## <font color='#eb3483'>Evaluating Regression models</font>

 Evaluating models is an essential step in doing Machine Learning for two reasons:

- So we can evaluate and find the model that performs best.
- So we can calculate the expected margin of error in our predictions.

We are going to look at various error metrics that judge how well regression models make predictions. 

Before we begin, let's load the necessary libraries for data manipulation.

In [1]:
from IPython.display import Image
import pandas as pd
import numpy as np
import seaborn as sns
sns.set(rc={'figure.figsize':(6,6)}) 

import warnings
warnings.simplefilter("ignore")

We're still using the boston housing dataset from the `sklearn` library.

In [2]:
# import datasets from sklearn

In [3]:
# load the boston dataset

We split data into training and testing sets, fit the model on the training set and made predictions on the test set. 

P.S to learn more about the `random_state` parameter, see [this Stack Overflow answer](https://stackoverflow.com/a/28069274).

In [5]:
# import train_test_split from sklearn.model_selection

In [6]:
# split the data using a test_size of 0.33 and set random_state to 13

We instantiate the model using the `LinearRegression` class.

In [None]:
# import LinearRegression from sklearn.linear_model 

In [None]:
# create an object of the LinearRegression class and call it model

In [None]:
# train the model


# make predictions


# see predictions
for y, y_pred in list(zip(y_test, predictions))[:5]:
    print("Real value: {:.3f} Estimated value: {:.5f}".format(y, y_pred))

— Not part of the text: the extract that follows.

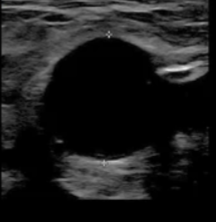 <p>is the probe longitudinal or transverse</p>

## We now look at metrics to evaluate our predictions.

This allows us to get an indication of how good or how poor our predictions actually were - without just eyeballing some visualisations :)

Model evaluation metrics in `scikit-learn` are available under the module `metrics`

In [None]:
# import metrics from sklearn

### <font color='#eb3483'>Mean Absolute Error (MAE)</font>

The Mean Absolute Error (MAE) is defined as:

$$\frac{1}{n}\sum_{i=1}^{n}|y_i -\hat{y}_i|$$

Basically the differences between the real values of the target variable and the predictions in absolute value (so turning negative differences into positive ones).

MAE is a robust metric, that means it doesnt change dramatically when there are outliers. The MAE error can be interpreted in the same units of the target variable (so for example, if the target variable is in dollars, the MAE will also be in dollars).

In [None]:
metrics.mean_absolute_error?

In [None]:
mae = metrics.mean_absolute_error(y_test, predictions)
print("The Mean Absolute Error is {:.3f} dollars".format(mae))

![title](media/train_test_split.png)
![title](media/train_test.png)

### <font color='#eb3483'>Mean Squared Error (MSE)</font>

The Mean Squared Error (MSE) is defined as:

$$\frac{1}{n}\sum_{i=1}^{n}(y_i -\hat{y}_i)^2$$

Similar to the MAE, but using the square of the difference between the true target and the prediction. 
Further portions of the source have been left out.